6. A light-emitting diode (LED) display driving method, comprising: generating a reference current, by a current reference unit of an analog unit;regulating the reference current, by a Digital to Analog Converter (DAC) small current precision circuit unit, to generate a DAC small current;modulating the DAC small current, by a pulse amplitude modulation (PAM) and pulse width modulation (PWM) adjustment unit of a digital unit, and outputting the DAC small current to a constant current output array unit to form a drive current and achieve multi-channel signal output; andcontrolling, by a DAC small current precision module of the DAC small current precision circuit unit, a gate voltage of a N-channel Metal-Oxide-Semiconductor (NMOS) transistor by using a switch, and selecting, by determining the gate voltage, to increase a number of NMOS being switched to control a current value and a voltage value flowing through the NMOS transistor.
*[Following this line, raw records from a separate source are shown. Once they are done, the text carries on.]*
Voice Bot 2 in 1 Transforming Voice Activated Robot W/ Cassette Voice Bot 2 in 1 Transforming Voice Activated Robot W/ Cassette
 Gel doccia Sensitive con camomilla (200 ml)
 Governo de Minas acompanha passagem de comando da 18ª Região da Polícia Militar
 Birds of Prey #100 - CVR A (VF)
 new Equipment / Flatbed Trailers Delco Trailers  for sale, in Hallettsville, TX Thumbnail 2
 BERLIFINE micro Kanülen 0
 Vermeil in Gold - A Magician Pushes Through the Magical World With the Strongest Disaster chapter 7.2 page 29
7. The LED display driving method according to claim 6, comprising: setting a quantity of NMOS transistors to generate a current gradient and control a current multiple.

8. The LED display driving method according to claim 7, comprising: adjusting a width/length (W/L) ratio of the NMOS transistor in a case of ensuring that the current value is unchanged, and increasing an area of a first NMOS transistor to ensure normal operation in a small current.

9. The LED display driving method according to claim 6, wherein PAM of the PAM and PWM adjustment unit is to perform control by using a current amplitude unit and perform synthesis according to a value of a digital signal, to obtain an output reference current; and PWM of the PAM and PWM adjustment unit is to adjust a corresponding signal pulse width through a clock (CLK) and adjust different pulse widths according to a value of a digital signal.

10. The LED display driving method according to claim 6, wherein input data comprises feature data and image data, the feature data is inputted into a configurable register unit, and the image data is inputted into a static random access memory (SRAM) unit through an image parameter writing unit.